Sungguh diluar dugaan kami, saat kamu mengutarakan niat untuk belajar di pondok pesantren selepas sekolah dasar ini.

“Itu masih jauh Nak, kamu baru saja tamat Taman Kanak-Kanak.” Aku mengucapkannya sambil tersenyum, walaupun sebenarnya kaget dengan permintaannya.

“Ya Bu, pokoknya Amirah harus mondok nanti,” kata anakku dengan tegas.

Keinginannya untuk belajar di pondok datang dari dirinya sendiri. Mungkin didorong juga oleh suasana agamis yang selalu ku upayakan melingkupi kesehariannya. Dia masuk di taman kanak-kanak yang islami. Tentu saja pelajaran dan pengenalan tentang Islam mendapat porsi besar bagi murid-muridnya. Tugas dari sekolah seperti mengaji dan membaca kisah-kisah Nabi dan Rasul melibatkan aku dan suami sebagai orang tuanya. 

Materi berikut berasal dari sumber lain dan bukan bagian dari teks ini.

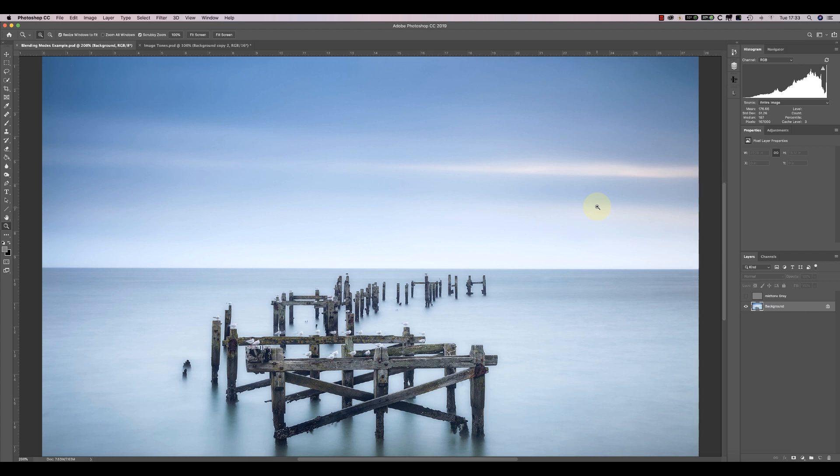In this video, we're continuing to look at common tools that appear in different photo editors. This time, it's the turn of the blending modes.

Sungguh aku sangat bersyukur, memiliki anak yang mau menjalankan syariat agama sejak dini. Semua ini kurasakan juga sebagai sentilan dari-Nya. Terua terang, aku tak bisa mengaji dengan huruf hijaiyah walaupun waktu kecil diikutkan ibu ke TPQ (Tempat Pembelajaran Quran). Masuk usia remaja hingga dewasa dan berumah tangga, aku lebih sering membaca dari huruf latin yang menyertai ayat-ayat suci Al Qur’an. Diberi amanat anak solehah ditambah lagi rasa syukur ini semakin berlipat, karena aku mendapat jodoh yang membimbingku tentang agama dengan lebih baik.

Di usia dini, anakku sudah menyelesaikan buku paket belajar dasar, dan kini sudah membaca langsung di Al Quran tanpa huruf latin. Suaranya lantang dengan makhroj serta tajwid yang Inshaallah benar. Subhanallah, aku emaknya harus belajar dari anak kecil. Tak perlu malu, lebih baik terlambat daripada tidak mau berusaha sama sekali. Inshaallah, ibu akan segera membaca Al Qur’an dengan huruf yang sebenarnya, walau harus terbata-bata.